Arthur Balfour
Arthur Balfour was born on the family's Scottish estate in East Lothian on 25th July 1848. Educated at Eton and Trinity College, Cambridge, he entered the House of Commons in 1874 as the Conservative MP for Hertford.
In 1878 Balfour became private secretary to his uncle, the Marquess of Salisbury, who was Foreign Secretary in the Conservative government headed by Benjamin Disraeli.
In the 1885 General Election Balfour was elected to represent the East Manchester constituency. The Marquess of Salisbury, who was now Prime Minister, appointed him as his Secretary for Scotland. Other posts during the next few years included Chief Secretary of Ireland (1887), First Lord of the Treasury (1892) and leader of the House of Commons (1892).
Balfour replaced his uncle as Prime Minister in 1902. The most important events during his premiership included the 1902 Education Act and the ending of the Boer War. The topic of Tariff Reform split Balfour's government and when he resigned in 1905, Edward VII invited Henry Campbell-Bannerman to form a government. Campbell-Bannerman accepted and in the 1906 General Election that followed the Liberal Party had a landslide victory.
Balfour remained leader of the Conservative Party until he was replaced by Andrew Bonar Law in 1911. He returned to government when in 1915 Herbert Asquith offered him the post of First Lord of the Admiralty in Britain's First World War coalition government.
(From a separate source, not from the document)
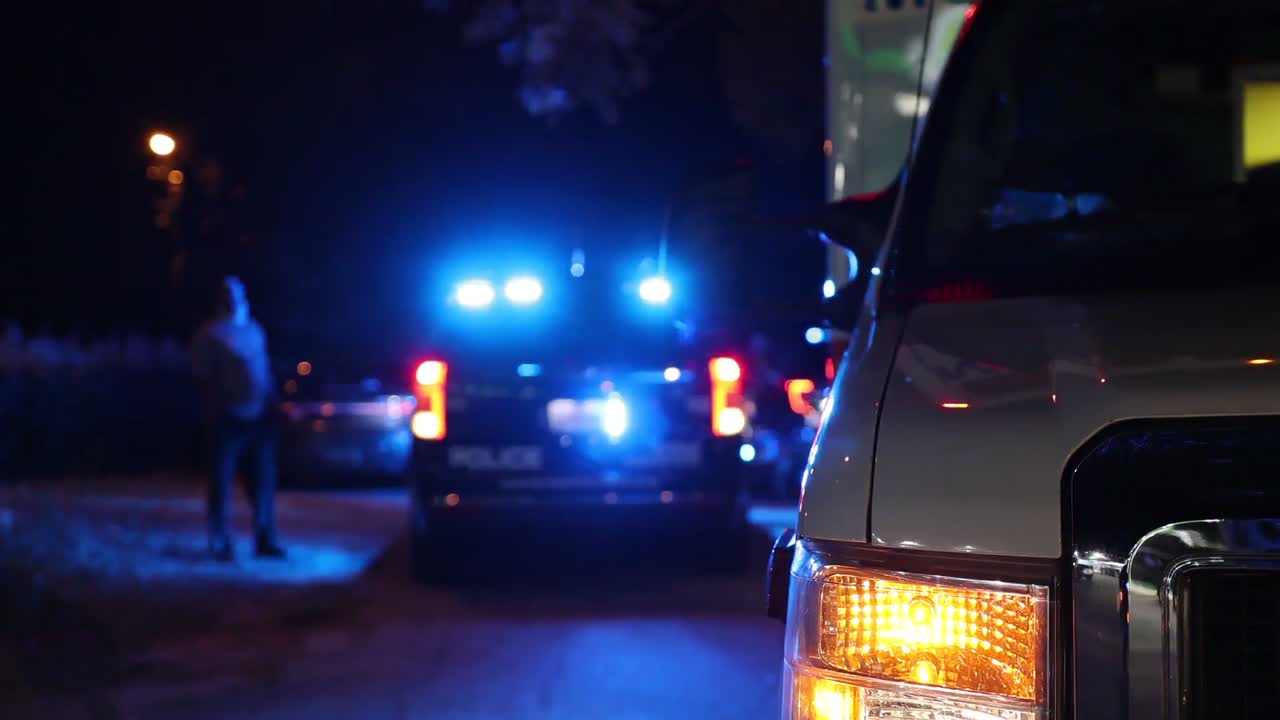 Police lights at a roadside scene at night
The following year, David Lloyd George, the new Prime Minister, appointed him as Foreign Secretary, and consequently was responsible for the Balfour Declaration in 1917 which promised Zionists a national home in Palestine.
Henry Hamilton Fyfe, who worked for The Times reported: "I saw that Balfour was not a great man. He had charm and wit; he could be energetic when he chose, but he chose very seldom; he had a marvellously acute mind, but he feared the logic of its conclusions. He was truly bored by almost everything, and he was born lazy. I recall one of his official secretaries telling me furiously how Balfour was primed for a critical debate, given sheaves of notes, told what his line of argument must be. And then, spluttered Robert Morant, he stuffed all the papers in his pocket without looking at them, and made a speech that missed all the essential points. After such episodes he would be more than usually charming, and would ask with a smile and a slight lift of his shoulders, What does it matter?"
Balfour left Lloyd George's government in 1919 but returned to office when he served as Lord President of the Council (1925-29) in the Conservative government headed by Stanley Baldwin.
Arthur Balfour died on 19th March 1930.
Primary Sources
(1) Henry Hamilton Fyfe was a reporter on The Times when he first met Arthur Balfour.
I saw that Balfour was not a great man. He had charm and wit; he could be energetic when he chose, but he chose very seldom; he had a marvellously acute mind, but he feared the logic of its conclusions. He was truly bored by almost everything, and he was born lazy. I recall one of his official secretaries telling me furiously how Balfour was primed for a critical debate, given sheaves of notes, told what his line of argument must be. "And then," spluttered Robert Morant, "he stuffed all the papers in his pocket without looking at them, and made a speech that missed all the essential points." After such episodes he would be more than usually charming, and would ask with a smile and a slight lift of his shoulders, "What does it matter?"